Nice looking saw Nate. Keep in mind the 3hp will draw somwhere in the neighborhood of 20A, possibly more. Take that into consideration when wiring the garage at the new place. I think its also a fair price


----------



## knotscott (Feb 27, 2009)

That saw was built to run hard 24/7 for decades. A little TLC and some touch up paint will make this thing look new. It's got a great fence on it too. $600 is a great deal IMHO….what else you gonna get that's even close to this?


----------



## HokieMojo (Mar 11, 2008)

Be forewarned. If you are anything like me, it will take much longer to build things than you expect. Don't throw away the old cabinets until the new ones are finished! lol.


----------



## daltxguy (Sep 7, 2007)

I don't think the General has changed in decades. Good quality, still made in Drummondville, Quebec, Canada, my original hometown. I used the General when I took woodworking classes at a college in Ottawa. I would pay $600 for it. I wish I could find them here in NZ!


----------



## dmoney (Dec 20, 2009)

i think $600 is a fair price, getting it for less would probably be a steal


----------



## Swede (Feb 19, 2010)

Looks like it is already on wheels they cost around $60.00 & up that helps with the price. 
If it is not rusty and the motor runs good if the raise, lower, tilt right or left works good it probably is worth the price. 
One thing to consider is do you have enough power to run it properly. 
Without enough power you could burn up the motor.

Just some thoughts.


----------



## a1Jim (Aug 9, 2008)

I have no experience with General but the photo you show it looks like the top is bent.


----------



## NateFinch (May 24, 2010)

So, the wheels don't come with it, unfortunately.

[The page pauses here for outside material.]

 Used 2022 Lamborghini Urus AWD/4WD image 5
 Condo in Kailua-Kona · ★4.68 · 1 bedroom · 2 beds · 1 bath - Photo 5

I'm not sure about the bent top - are you talking about the top photo? That looks like it could just be distortion in the lens, but if I go look at it, I'll definitely bring along a straightedge.

I know it takes 220, I don't believe I have a 220 line in the new garage, but I could get one put in fairly easily, since the garage has its own panel with, IIRC, 50 amps.


----------